▶ _EXERCISE BRIEF_
Give again, word for word, each line below starting at the one that contains "カーハート carhartt Tシャツ" and ending at the one that contains "水漏れと汚れがなくなって快適に！浴室リフォーム|岩手県盛岡市".

▶ _RECORD SET_
........

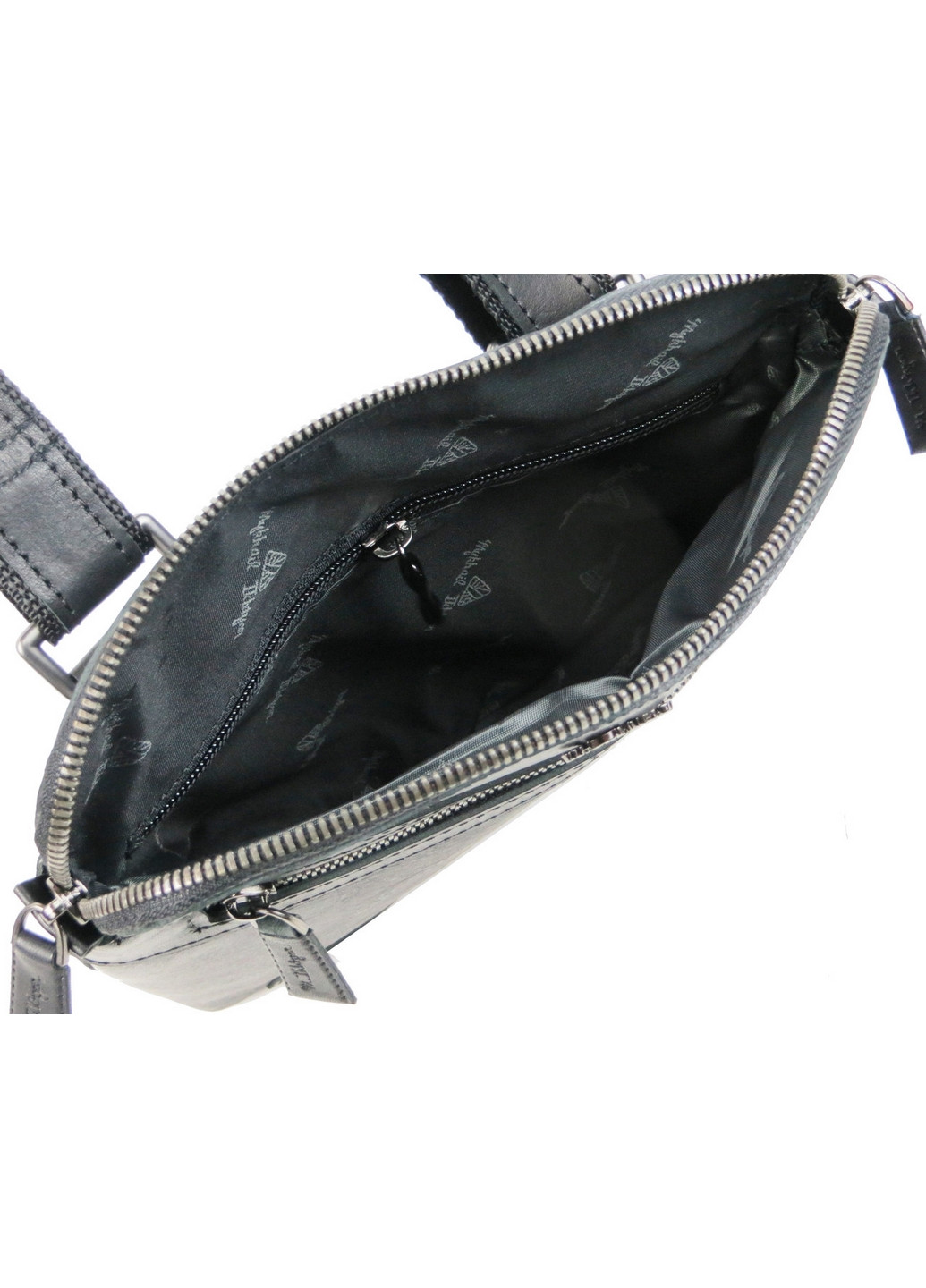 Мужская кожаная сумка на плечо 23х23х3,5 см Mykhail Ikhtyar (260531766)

........

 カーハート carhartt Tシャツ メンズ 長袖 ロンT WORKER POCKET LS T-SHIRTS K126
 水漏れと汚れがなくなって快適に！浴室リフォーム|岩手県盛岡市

........

▶ _SOLVED EXERCISE_
 カーハート carhartt Tシャツ メンズ 長袖 ロンT WORKER POCKET LS T-SHIRTS K126
 水漏れと汚れがなくなって快適に！浴室リフォーム|岩手県盛岡市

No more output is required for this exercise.